Le public souiri manifeste un intérêt croissant et une vraie curiosité pour la musique classique, comme en témoignent l’affluence et l’engagement lors de notre festival. Contrairement à certaines perceptions, la musique classique trouve un écho vibrant parmi les jeunes et les moins jeunes au Maroc. Il y a une véritable écoute et une attention qui grandissent chaque année, ce qui montre que cette forme d’art est de plus en plus démocratisée et appréciée pour sa capacité à offrir un voyage intérieur profond et enrichissant.
Et sur un plan national?
La musique classique a pleinement retrouvé sa place au Maroc et continue de se développer avec un public diversifié et engagé. En comparaison à d’autres régions, nous sommes chanceux de voir un nombre croissant de jeunes spectateurs intéressés par ce genre musical. Il reste encore beaucoup à faire pour démocratiser davantage la musique classique et la rendre accessible à tous. Cependant, je suis optimiste quant à son avenir au Maroc, surtout grâce au public qui nous aide dans ce militantisme.

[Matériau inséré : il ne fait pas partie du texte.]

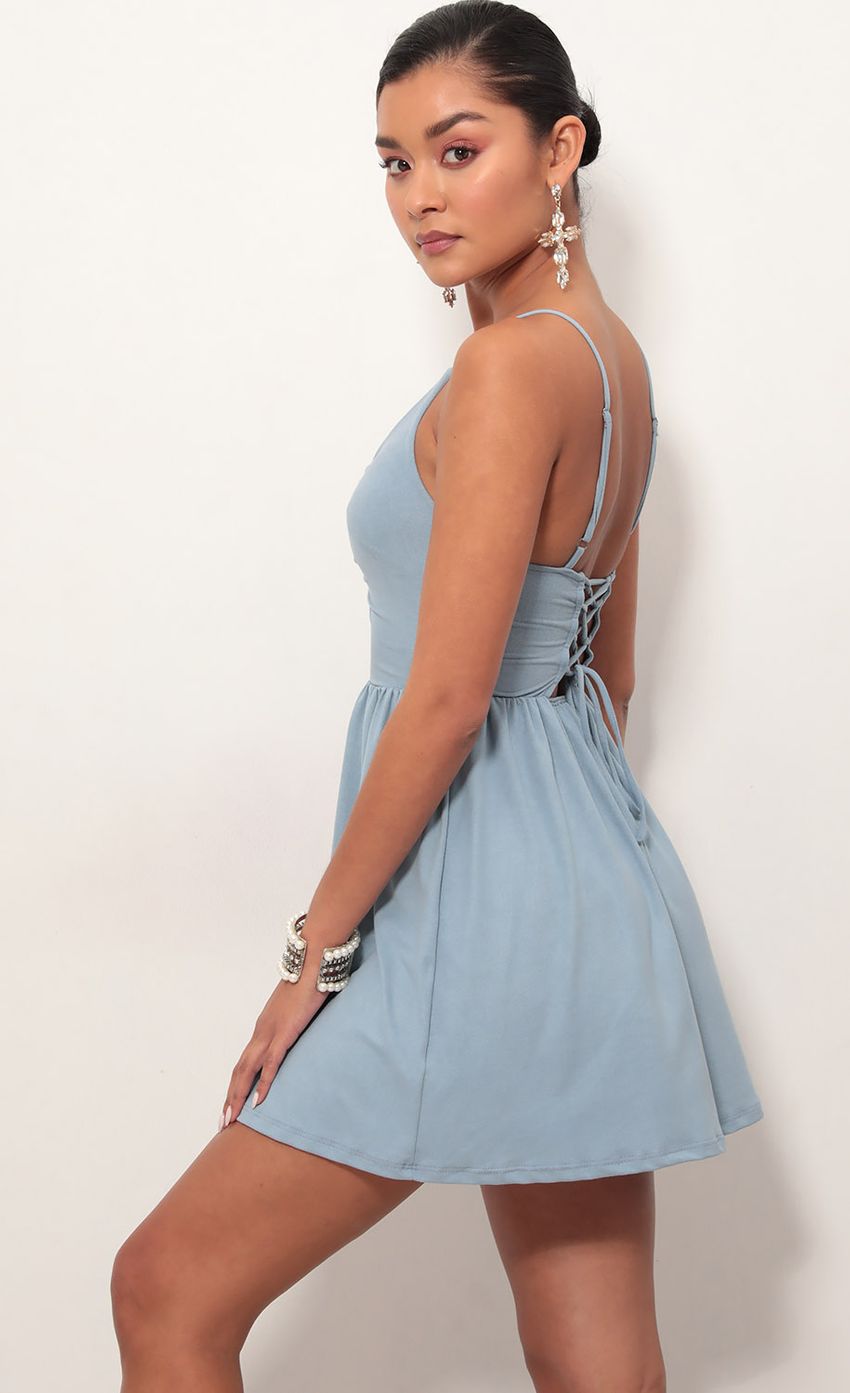 Picture Low V Suede Plunge Dress In Blue. Source: https://media-img.lucyinthesky.com/data/Mar19_2/850xAUTO/781A7559.JPG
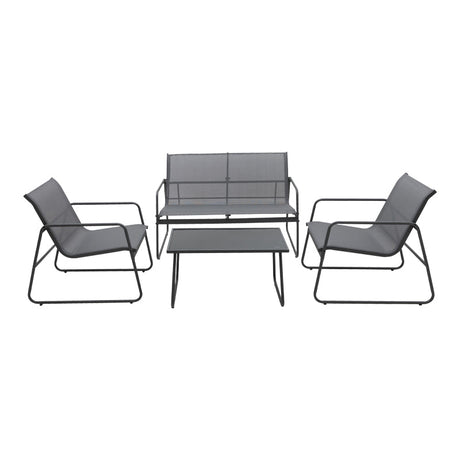 Set mobilier de grădină cu funcție outdoor Veranda, textilenă-metal, Antracit, 200x150x85 cm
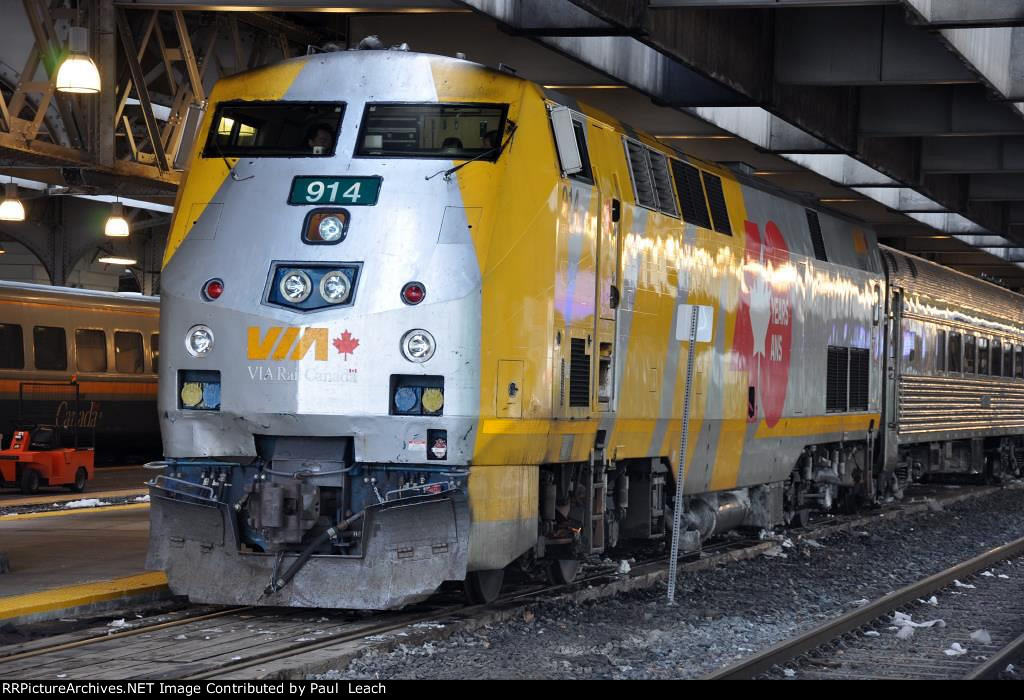 Passenger trains waits to depart Union Station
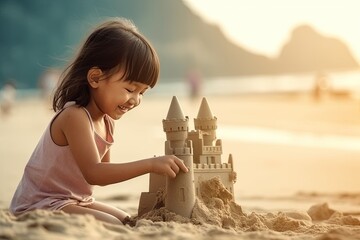 Happy Asian Girl Building Sand Castle on the Beach. Generative AI.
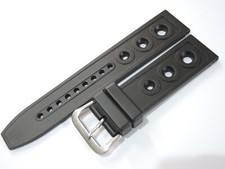 NEW 22MM BLACK RACING RUBBER STRAP DIVERS SKX007-009/ SKX011J / 7002-7001/6309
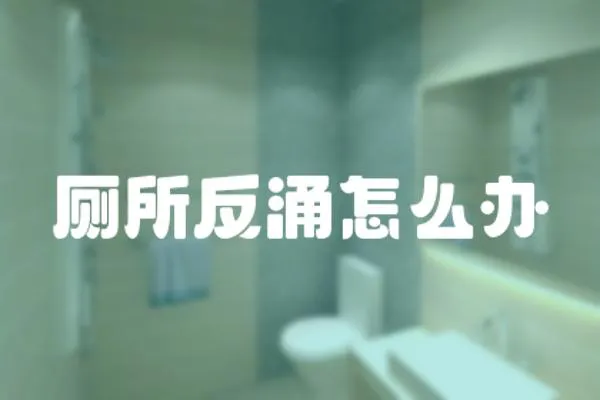 廁所反涌怎么辦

Si vous pouviez décider de l’émotion que le public retiendra après ces 4 jours de festival, vous voudriez que ce soit laquelle?
Chaque auditeur vivra une expérience unique et personnelle en écoutant Brahms et les autres compositeurs au festival. Je souhaite simplement que chacun trouve en cette musique une résonance qui éveille en lui des émotions profondes et variées: que ce soit la tendresse, la passion, la révolte ou simplement une paix intérieure. L’essentiel est que chacun puisse vivre ce voyage musical avec liberté et sans jugement, en laissant parler son cœur et son esprit.